* [The problem] Instruction for the entries that follow: retype exactly the lines from the line with "emoticon face character" to the line with "Calça Feminina Skinny", both included, and omit all others.

* [Provided information]
—————
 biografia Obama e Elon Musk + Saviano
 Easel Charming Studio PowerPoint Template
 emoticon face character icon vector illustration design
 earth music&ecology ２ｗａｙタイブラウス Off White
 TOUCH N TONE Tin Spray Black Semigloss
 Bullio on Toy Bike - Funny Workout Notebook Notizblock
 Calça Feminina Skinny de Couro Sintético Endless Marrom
—————
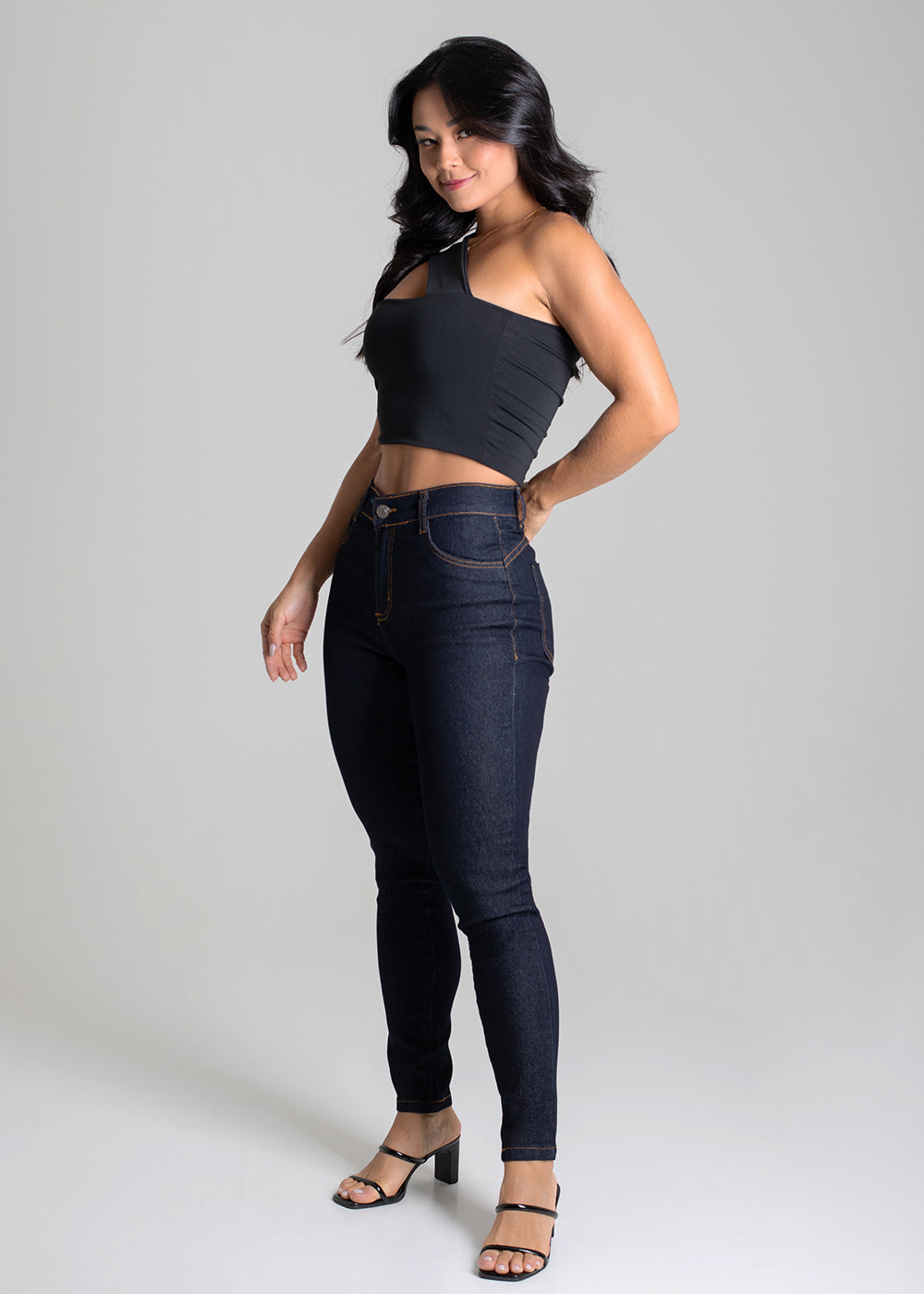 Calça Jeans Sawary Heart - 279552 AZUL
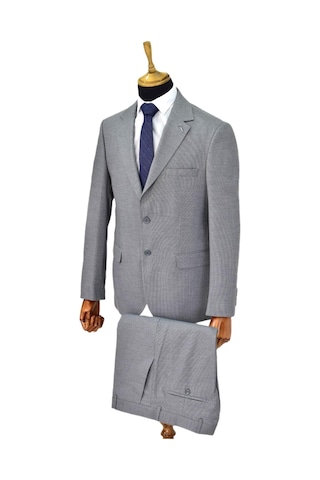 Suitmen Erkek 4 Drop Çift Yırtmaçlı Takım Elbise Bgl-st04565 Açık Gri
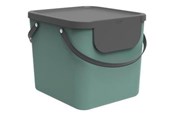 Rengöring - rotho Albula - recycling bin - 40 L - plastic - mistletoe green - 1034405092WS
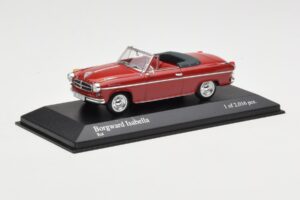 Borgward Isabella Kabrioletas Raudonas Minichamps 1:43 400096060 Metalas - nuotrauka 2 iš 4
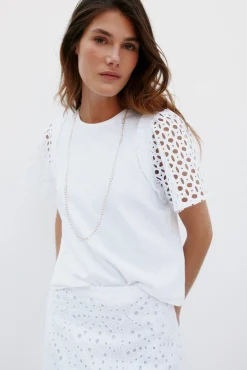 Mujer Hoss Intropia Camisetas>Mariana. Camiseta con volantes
—————
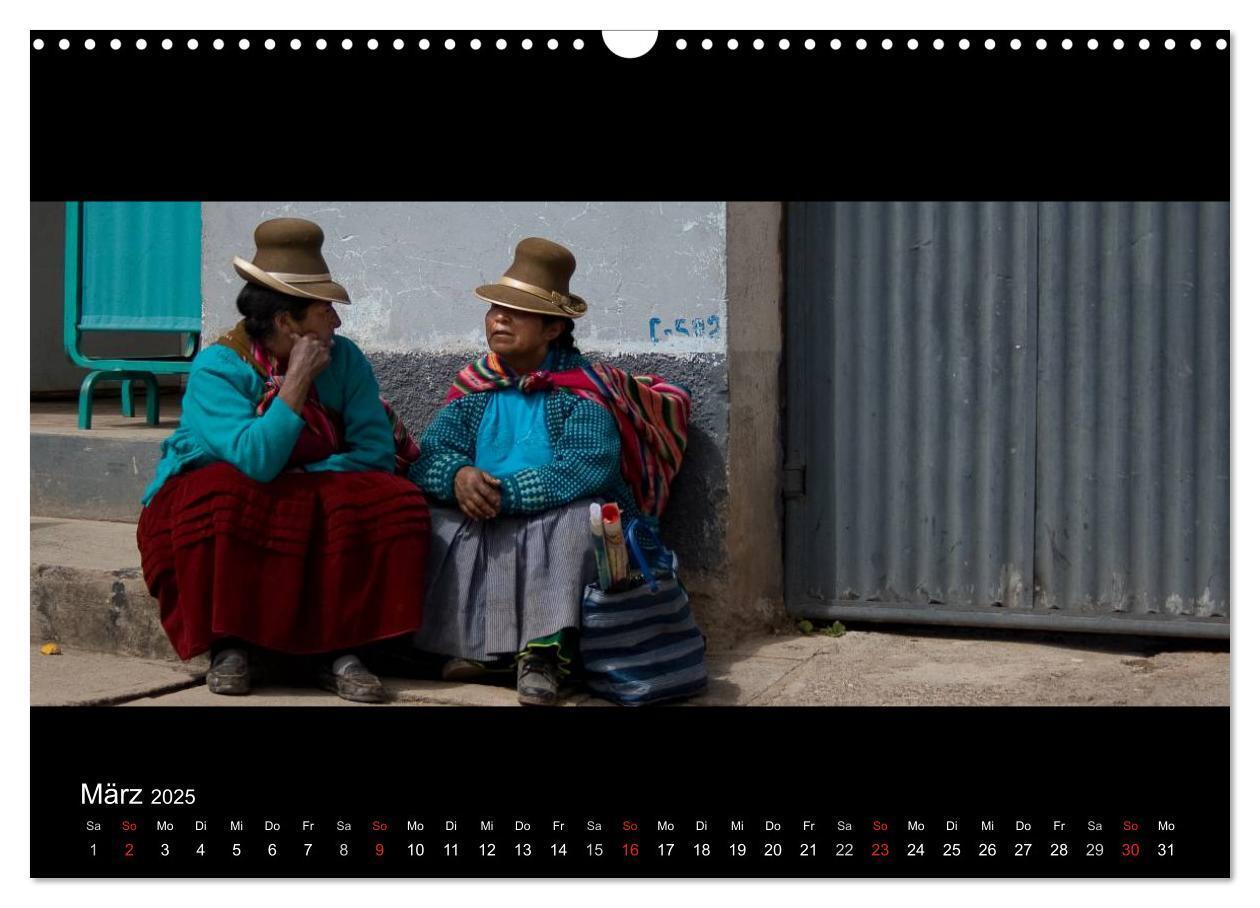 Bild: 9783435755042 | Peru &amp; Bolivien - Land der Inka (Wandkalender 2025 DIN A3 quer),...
—————
* [Finished task]
 emoticon face character icon vector illustration design
 earth music&ecology ２ｗａｙタイブラウス Off White
 TOUCH N TONE Tin Spray Black Semigloss
 Bullio on Toy Bike - Funny Workout Notebook Notizblock
 Calça Feminina Skinny de Couro Sintético Endless Marrom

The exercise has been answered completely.